(Given entries)

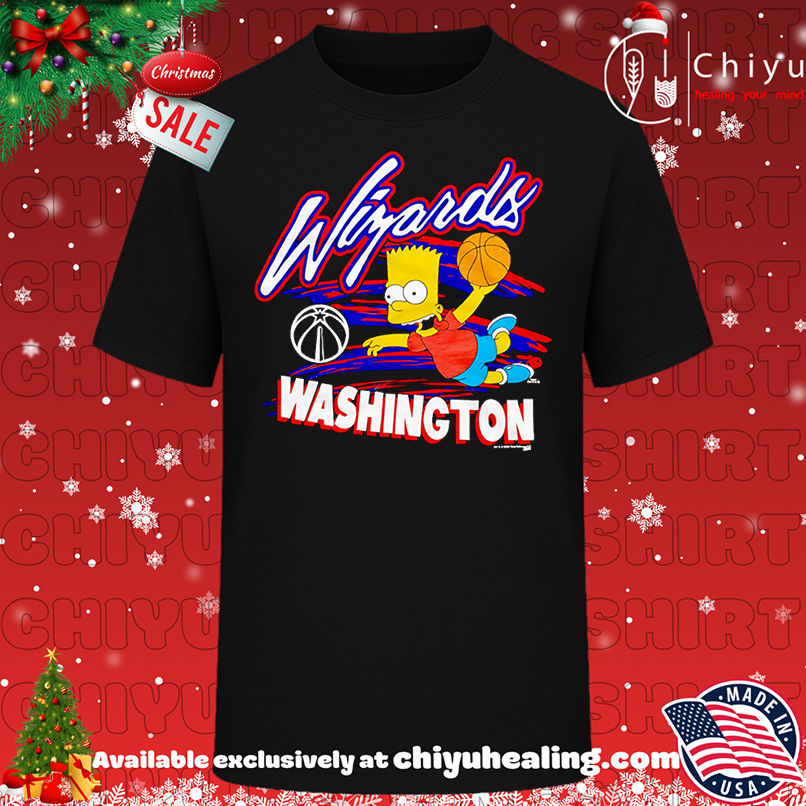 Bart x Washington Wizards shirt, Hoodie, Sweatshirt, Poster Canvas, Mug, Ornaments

(End Given entries)
(Given entries)

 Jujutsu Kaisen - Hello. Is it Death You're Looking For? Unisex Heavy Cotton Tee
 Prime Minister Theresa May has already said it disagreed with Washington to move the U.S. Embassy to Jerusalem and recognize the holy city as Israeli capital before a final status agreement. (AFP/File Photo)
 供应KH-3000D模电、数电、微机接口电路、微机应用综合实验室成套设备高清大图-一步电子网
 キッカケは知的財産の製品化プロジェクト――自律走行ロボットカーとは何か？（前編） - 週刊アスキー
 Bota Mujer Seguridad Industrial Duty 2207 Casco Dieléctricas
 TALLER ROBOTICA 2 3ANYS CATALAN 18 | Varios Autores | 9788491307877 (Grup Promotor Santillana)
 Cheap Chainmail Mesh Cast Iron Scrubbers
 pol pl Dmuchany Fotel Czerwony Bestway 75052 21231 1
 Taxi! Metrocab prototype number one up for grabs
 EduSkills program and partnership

(End Given entries)

• Your goal
Set down precisely the lines above between the line holding "Jujutsu Kaisen - Hello." and the line holding "EduSkills program and partnership", inclusive, and nothing beyond them.

• Exercise solution
 Jujutsu Kaisen - Hello. Is it Death You're Looking For? Unisex Heavy Cotton Tee
 Prime Minister Theresa May has already said it disagreed with Washington to move the U.S. Embassy to Jerusalem and recognize the holy city as Israeli capital before a final status agreement. (AFP/File Photo)
 供应KH-3000D模电、数电、微机接口电路、微机应用综合实验室成套设备高清大图-一步电子网
 キッカケは知的財産の製品化プロジェクト――自律走行ロボットカーとは何か？（前編） - 週刊アスキー
 Bota Mujer Seguridad Industrial Duty 2207 Casco Dieléctricas
 TALLER ROBOTICA 2 3ANYS CATALAN 18 | Varios Autores | 9788491307877 (Grup Promotor Santillana)
 Cheap Chainmail Mesh Cast Iron Scrubbers
 pol pl Dmuchany Fotel Czerwony Bestway 75052 21231 1
 Taxi! Metrocab prototype number one up for grabs
 EduSkills program and partnership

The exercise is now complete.